- Task item -
Among the lines below, how many have the string "Design" in them? Only the number is wanted.

── Material provided ──

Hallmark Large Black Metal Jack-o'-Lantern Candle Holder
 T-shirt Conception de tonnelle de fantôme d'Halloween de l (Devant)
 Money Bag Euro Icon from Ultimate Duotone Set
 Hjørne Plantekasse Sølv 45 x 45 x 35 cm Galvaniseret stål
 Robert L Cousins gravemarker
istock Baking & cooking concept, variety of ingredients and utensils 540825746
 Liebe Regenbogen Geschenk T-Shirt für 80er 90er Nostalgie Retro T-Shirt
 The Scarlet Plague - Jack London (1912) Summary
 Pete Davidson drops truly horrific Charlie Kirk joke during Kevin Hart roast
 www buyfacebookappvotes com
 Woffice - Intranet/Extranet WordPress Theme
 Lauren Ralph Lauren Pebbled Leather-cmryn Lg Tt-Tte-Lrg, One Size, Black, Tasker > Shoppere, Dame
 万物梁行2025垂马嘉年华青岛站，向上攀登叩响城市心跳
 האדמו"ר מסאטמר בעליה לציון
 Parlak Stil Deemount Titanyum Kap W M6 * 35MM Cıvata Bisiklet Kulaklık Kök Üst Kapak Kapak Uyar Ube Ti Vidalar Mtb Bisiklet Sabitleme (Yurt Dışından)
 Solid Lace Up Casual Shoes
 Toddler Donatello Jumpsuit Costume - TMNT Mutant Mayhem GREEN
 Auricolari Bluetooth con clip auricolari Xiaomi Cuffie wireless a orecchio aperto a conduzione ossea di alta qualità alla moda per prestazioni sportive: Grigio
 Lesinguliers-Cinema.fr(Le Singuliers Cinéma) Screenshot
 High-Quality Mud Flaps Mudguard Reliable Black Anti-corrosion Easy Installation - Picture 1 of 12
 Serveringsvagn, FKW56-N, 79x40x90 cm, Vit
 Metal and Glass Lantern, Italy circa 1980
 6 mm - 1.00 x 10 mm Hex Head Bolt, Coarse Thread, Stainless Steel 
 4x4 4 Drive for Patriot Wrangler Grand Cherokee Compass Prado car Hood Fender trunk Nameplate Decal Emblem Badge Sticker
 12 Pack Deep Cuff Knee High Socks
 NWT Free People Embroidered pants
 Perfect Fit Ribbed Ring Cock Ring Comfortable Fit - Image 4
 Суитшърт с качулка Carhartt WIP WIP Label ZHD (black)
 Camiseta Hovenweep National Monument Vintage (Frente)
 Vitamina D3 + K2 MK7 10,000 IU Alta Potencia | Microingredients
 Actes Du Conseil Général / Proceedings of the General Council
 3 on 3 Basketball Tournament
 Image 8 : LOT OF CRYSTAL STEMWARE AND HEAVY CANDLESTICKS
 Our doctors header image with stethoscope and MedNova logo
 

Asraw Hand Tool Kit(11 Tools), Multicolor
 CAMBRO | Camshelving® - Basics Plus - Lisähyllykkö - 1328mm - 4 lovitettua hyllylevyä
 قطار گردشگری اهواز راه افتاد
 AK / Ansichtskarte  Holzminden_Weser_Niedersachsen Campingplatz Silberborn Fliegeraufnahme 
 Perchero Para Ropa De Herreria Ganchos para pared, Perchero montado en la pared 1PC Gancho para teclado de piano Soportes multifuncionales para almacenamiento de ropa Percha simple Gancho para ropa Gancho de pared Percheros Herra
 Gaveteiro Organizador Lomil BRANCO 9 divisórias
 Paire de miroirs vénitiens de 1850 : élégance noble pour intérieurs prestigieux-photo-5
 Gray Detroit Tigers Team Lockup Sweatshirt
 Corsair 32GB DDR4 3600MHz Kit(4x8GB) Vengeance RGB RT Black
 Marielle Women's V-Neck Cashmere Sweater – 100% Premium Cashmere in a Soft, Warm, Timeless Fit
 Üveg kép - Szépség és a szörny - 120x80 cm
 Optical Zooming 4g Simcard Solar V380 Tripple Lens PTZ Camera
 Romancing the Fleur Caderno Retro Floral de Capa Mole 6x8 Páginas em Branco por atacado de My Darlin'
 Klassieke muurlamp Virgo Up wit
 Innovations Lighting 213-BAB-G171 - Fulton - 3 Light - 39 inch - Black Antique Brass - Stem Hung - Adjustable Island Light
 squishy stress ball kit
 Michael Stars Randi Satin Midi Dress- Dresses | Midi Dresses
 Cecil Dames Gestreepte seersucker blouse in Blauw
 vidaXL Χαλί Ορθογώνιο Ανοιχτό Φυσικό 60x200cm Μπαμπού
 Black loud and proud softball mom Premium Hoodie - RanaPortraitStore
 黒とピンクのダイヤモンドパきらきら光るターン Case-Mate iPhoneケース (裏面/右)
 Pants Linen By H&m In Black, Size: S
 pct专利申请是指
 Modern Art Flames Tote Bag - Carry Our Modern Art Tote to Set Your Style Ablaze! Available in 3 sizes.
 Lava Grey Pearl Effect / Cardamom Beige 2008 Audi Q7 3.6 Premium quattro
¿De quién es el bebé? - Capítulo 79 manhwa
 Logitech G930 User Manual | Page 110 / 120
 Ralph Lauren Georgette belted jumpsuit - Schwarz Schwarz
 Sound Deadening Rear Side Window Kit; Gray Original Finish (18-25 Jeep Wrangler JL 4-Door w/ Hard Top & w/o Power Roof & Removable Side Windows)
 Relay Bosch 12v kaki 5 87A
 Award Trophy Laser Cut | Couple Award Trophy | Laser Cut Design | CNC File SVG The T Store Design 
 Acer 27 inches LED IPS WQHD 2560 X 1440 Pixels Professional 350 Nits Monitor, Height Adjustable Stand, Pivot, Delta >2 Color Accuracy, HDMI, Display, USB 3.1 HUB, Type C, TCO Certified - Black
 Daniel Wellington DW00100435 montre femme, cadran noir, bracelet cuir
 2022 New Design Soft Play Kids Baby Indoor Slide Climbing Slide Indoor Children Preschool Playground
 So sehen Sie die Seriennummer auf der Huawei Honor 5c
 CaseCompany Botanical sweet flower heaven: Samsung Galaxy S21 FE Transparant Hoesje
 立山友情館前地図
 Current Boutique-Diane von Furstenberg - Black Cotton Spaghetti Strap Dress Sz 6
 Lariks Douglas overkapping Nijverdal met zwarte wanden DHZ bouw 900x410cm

───

- Exercise answer -
2